Inhaltlich sind sie eine seltsame Mischung. Immer noch ein Erzählen, aber eben auch ein Berichten über die eigene Befindlichkeiten?!
Nächtliche Meldung
Wachte auf früh vor dem Tage,
Zwischen Mitternacht und Morgen.
Was betörte meinen Schlummer,
Mir vom Auge zu entweichen?
Einen Schleier vor den Augen,
Einen Schleier vor der Seele
Fühl‘ ich, kann mich nicht besinnen.
Da die Schleier nun zerrissen,
Hör ich eines Hundes Bellen,
Hör ihn wimmern laut und kläglich,
Echo ist das nächt’ge Schweigen.
Hündlein, Kauztier, Leichenkünder,
Strich ein Geist an dir vorüber?
Seele eines jüngst Gestorbnen?
Wessen Tod willst du mir melden?
Schwebt‘ er sanft mit leichtem Fluge,
Wie ein Vogel aus dem Käfig,
Hündlein, war es meine Mutter.
Irrt‘ er zitternd auf und nieder,
Wie im Winde Kerzen flackern,
Hündlein, war es mein Geliebter.
Oft noch wird er dir erscheinen,
Wie ein Hauch aus bangen Seufzern,
Wie ein Duft von Blut und Tränen,
Bis in einer Nacht ich selber,
Hündlein, dir vorüberschwebe,
In das stille Land zu schweben.
Mir scheint inzwischen, will man als Verfasser mit diesem Vers einen längeren Text gestalten, so ist dafür vor allem eins vonnöten: Anschaulichkeit. Nun ists Huchs Text nicht übermäßig lang, und anschaulich ist er nicht zuletzt durch die vielen Vergleiche sicher auch; trotzdem mischt sich für mich auch ein Gefühl der Leere ein, als fehlte etwas?! Nicht, dass es dem Gedicht wirklich schadet; aber es ist da.
(Kurzer formaler Zwischenruf: „Hündlein, Kauztier, Leichenkünder“ ist der einzige Vers in beiden Texten, bei dem Wörter der Art „X x“ die Versfüße der Art „X x “ decken; eine Aufzählung.
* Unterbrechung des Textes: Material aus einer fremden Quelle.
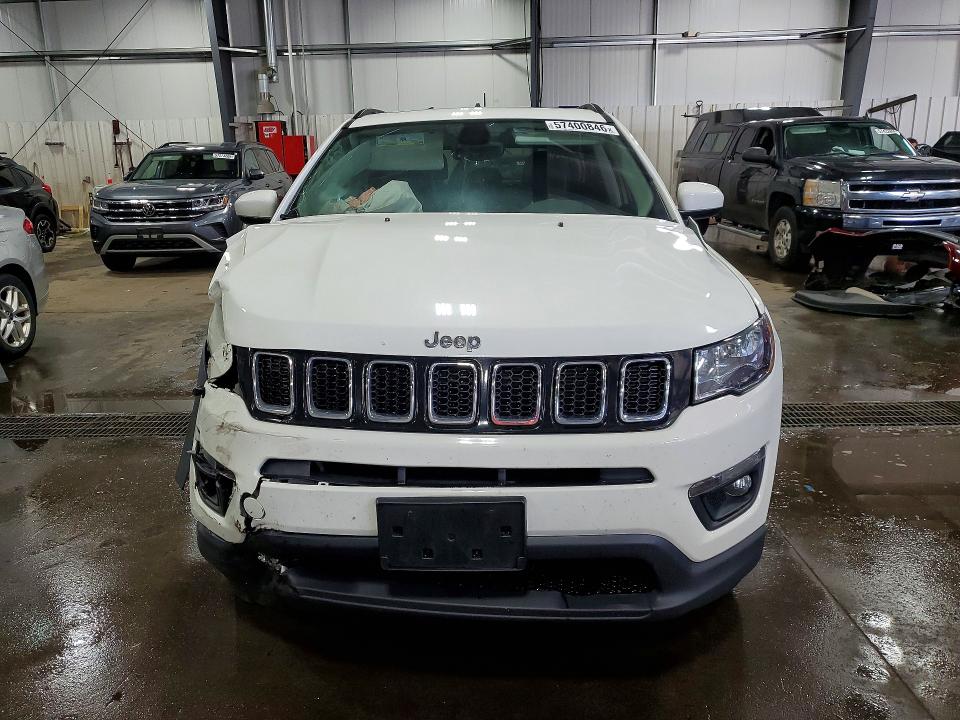 Photo 5 from auction – 2017 JEEP COMPASS with VIN 3C4NJDBB9HT646774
Hatten wir ja schon!)
Der Nebenbuhler
In des Glückes Wonnemonden,
Als wir beide Hand in Hand noch
Durch das frohe Leben sprangen,
Hast du oft zu mir gesprochen,
Wenn dein Haupt an meiner Brust lag:
„Könnt ich doch auf diesem Kissen,
Diesem weichen, vielgeliebten,
Immer wann ich wollte ruhen.
Doch mir ahnt, mich wird das Schicksal
Weit von dieser Stätte bannen,
Nichts mir lassend als im Auge
Wasser und im Herzen Heimweh.
Aber kühlend, wie der Westwind
Weht an heißen Sommertagen,
Wird dein Schwur mein Leid erquicken,
Den du oftmals mir geschworen:
Nie an dieser teuren Stätte,
Wo dein Liebling selig ruhte,
Einen andren Freund zu hegen,
Denn ich müsste daran sterben.“
Oftmals hab ich’s dir geschworen,
Wie ein Wiegenlied, ein altes,
Das man nimmer satt zu hören
wird, dir’s heimlich zugeflüstert.
Sieh, was hab ich nun begangen?
Mir am Busen liegt ein Liebchen,
Schwarz sein Köpfchen wie das deine,
Du mein fernes, doch ein andres,
Schmiegt und drängt sich immer dichter,
Und mit glänzend schönen Augen
Schaut es forschend in die meinen,
Und mir scheint, es macht nicht Miene,
Von dem Platze je zu weichen.
Ach, was sagt nun mein Geliebter?
„Deinen Schwur hast du gebrochen,
Mir, der deiner Seele traute,
Wie ein Kind traut seinem Engel,
Wie ein Moslim seinem Sterne.
Wandle du nun deine Bahnen;
Nicht bei Nacht und nicht bei Tage
Wirst du deinen Gatten treffen,
Dem du Leib und Seele teiltest.“
Höre auf, du Vielgeliebter,
Höre auf mir so zu fluchen.
Nimmer hab ich dich verraten,
Nicht im Traum und nicht im Wachen;
Liebe hielt ich dir und Treue,
Will sie immerdar dir halten.
Der an meinem Busen schlummert
Ist ein kleines junges Kätzchen,
Schwarz von Pelz, und seine Augen
Grün und glänzend wie Smaragden.
Fühl ich’s warm an meinem Halse,
Schließ ich oftmals meine Augen,
Träume von den Wonnemonden,
Wo dein Haupt an meiner Brust lag,
Und wir beide Hand in Hand noch
Wie zwei gute Kameraden
Über Berg und Tal des Lebens
Wanderten bei Sturm und Sonne.
Das ist immer noch eine Art von Erzählen; aber der Eindruck der Leere hat sich verstärkt? Es gibt weniger, und unauffälligere Vergleiche als in der „Meldung“; und der Text um einiges länger. Ich habe den Text gern gelesen (Gedichte mit einer Katze drin sind immer lesenswert), aber ich kann mir gut vorstellen, dass hier mancher die Geduld verliert?! Oder genügt die Schnelligkeit, mit der man durch die Zeilen fliegt, in Zusammenhang mit der Art, wie Huch die Sprache zwar nie besonders, aber doch immer abwechslungsreich in die Verse legt, doch, den Leser bei der Stange zu halten?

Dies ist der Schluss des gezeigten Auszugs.